> **EXCERPTED RECORDS**
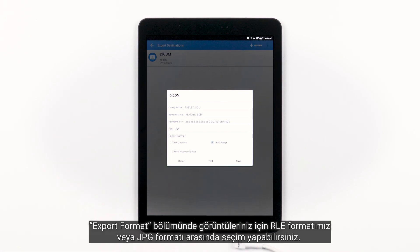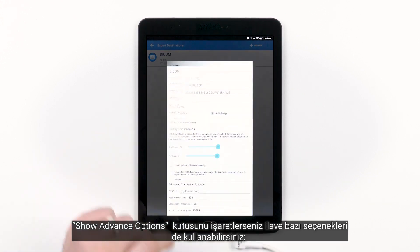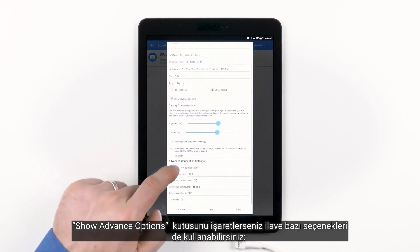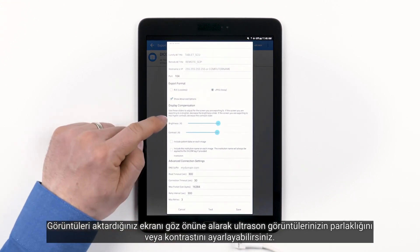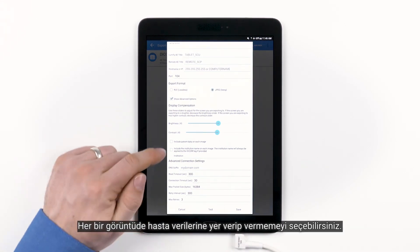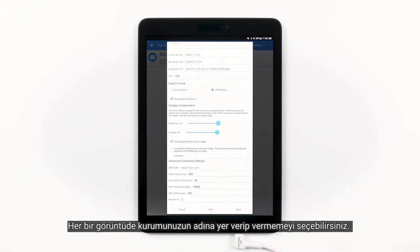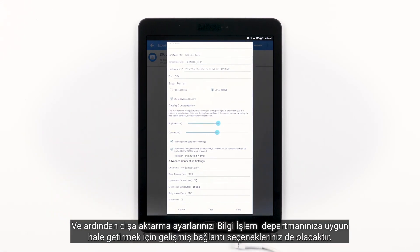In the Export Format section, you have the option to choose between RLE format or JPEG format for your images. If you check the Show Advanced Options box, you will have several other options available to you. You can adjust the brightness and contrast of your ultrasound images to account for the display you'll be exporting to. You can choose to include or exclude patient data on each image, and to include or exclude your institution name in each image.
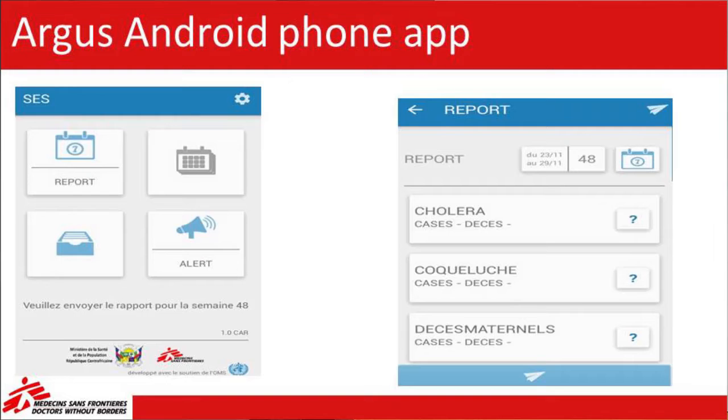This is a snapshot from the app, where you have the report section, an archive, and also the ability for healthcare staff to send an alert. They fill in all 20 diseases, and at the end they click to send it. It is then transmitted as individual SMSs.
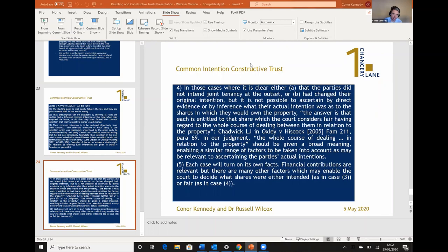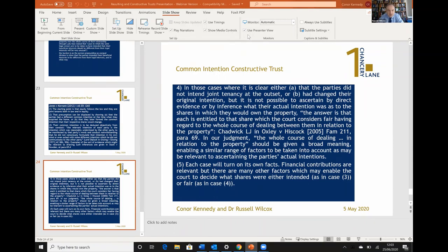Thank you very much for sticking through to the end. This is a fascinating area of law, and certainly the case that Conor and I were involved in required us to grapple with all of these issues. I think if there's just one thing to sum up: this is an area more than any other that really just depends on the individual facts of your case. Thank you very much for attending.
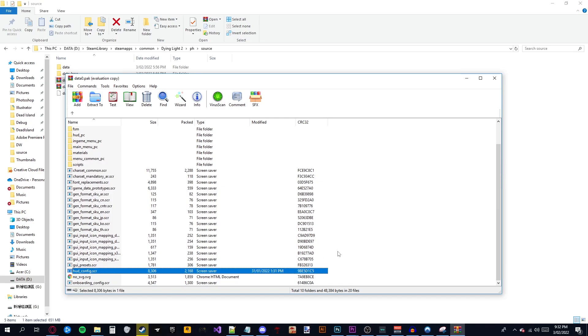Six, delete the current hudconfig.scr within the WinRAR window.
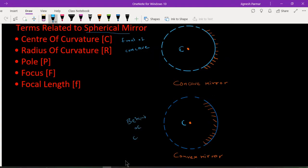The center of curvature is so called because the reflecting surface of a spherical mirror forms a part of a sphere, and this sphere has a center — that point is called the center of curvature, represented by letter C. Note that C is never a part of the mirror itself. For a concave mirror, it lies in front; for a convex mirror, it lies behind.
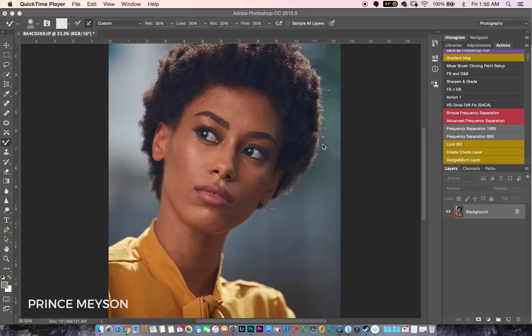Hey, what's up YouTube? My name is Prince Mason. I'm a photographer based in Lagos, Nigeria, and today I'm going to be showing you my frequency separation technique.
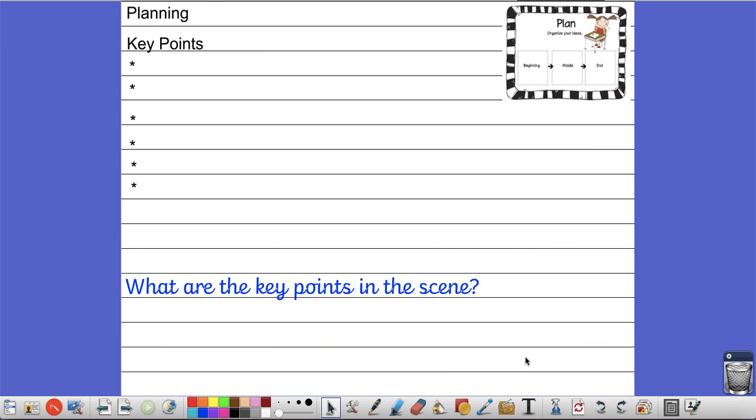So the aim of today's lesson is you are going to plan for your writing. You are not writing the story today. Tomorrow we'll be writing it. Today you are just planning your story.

...

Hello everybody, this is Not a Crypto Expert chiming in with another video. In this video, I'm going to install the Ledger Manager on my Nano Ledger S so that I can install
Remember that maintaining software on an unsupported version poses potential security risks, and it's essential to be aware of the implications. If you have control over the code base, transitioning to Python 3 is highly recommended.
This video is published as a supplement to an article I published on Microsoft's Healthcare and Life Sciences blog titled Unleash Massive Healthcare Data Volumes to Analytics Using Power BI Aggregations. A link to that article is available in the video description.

> **PROBLEM REQUIREMENTS**
Range to copy from the listing above: the line with "Six, delete the" through the line with "So the aim of". Transcribe it exactly and skip the pictures.

> **FINISHED EXERCISE**
Six, delete the current hudconfig.scr within the WinRAR window.
The center of curvature is so called because the reflecting surface of a spherical mirror forms a part of a sphere, and this sphere has a center — that point is called the center of curvature, represented by letter C. Note that C is never a part of the mirror itself. For a concave mirror, it lies in front; for a convex mirror, it lies behind.
Hey, what's up YouTube? My name is Prince Mason. I'm a photographer based in Lagos, Nigeria, and today I'm going to be showing you my frequency separation technique.
So the aim of today's lesson is you are going to plan for your writing. You are not writing the story today. Tomorrow we'll be writing it. Today you are just planning your story.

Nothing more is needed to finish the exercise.